● **Task directions**
Look through the entries below and copy exactly the part that begins with the line containing "Molitor wants to" and ends with the line containing "Air Lift Bio". Do not copy the pictures.

● **Data records**
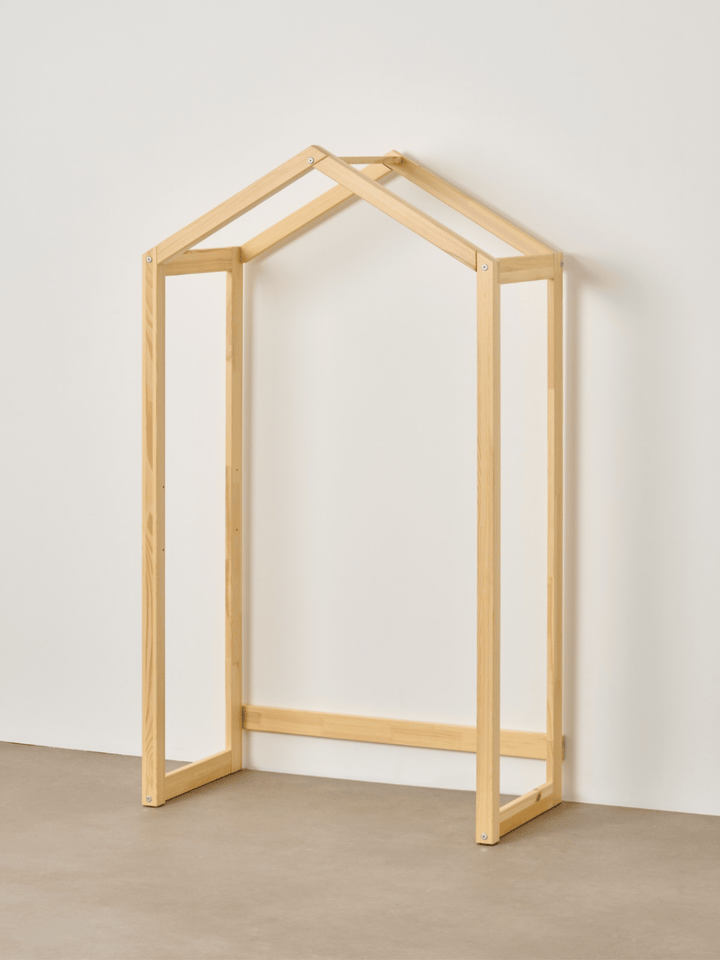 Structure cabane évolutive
---
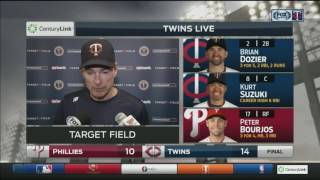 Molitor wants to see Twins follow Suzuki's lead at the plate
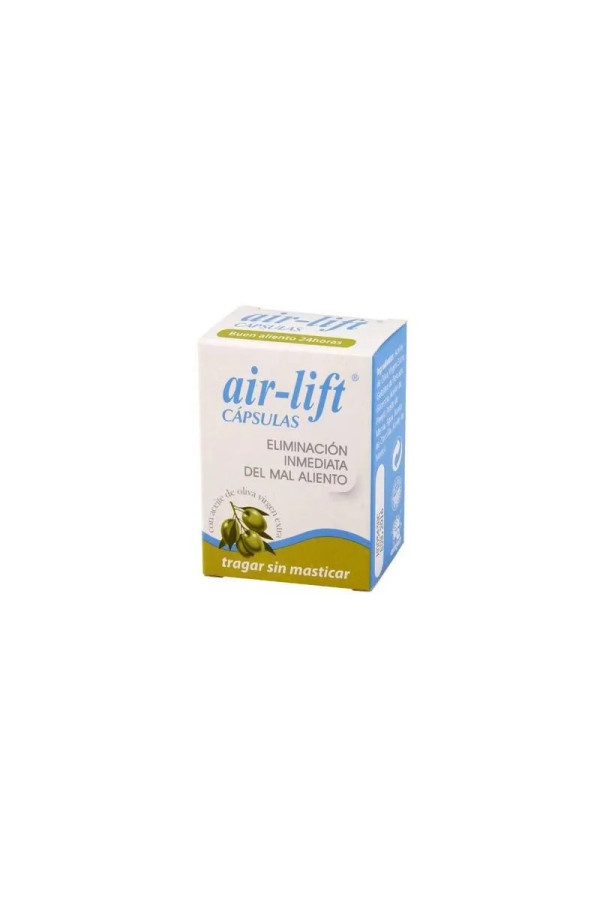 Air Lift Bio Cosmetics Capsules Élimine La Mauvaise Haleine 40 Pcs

● **Output**
 Molitor wants to see Twins follow Suzuki's lead at the plate
 Air Lift Bio Cosmetics Capsules Élimine La Mauvaise Haleine 40 Pcs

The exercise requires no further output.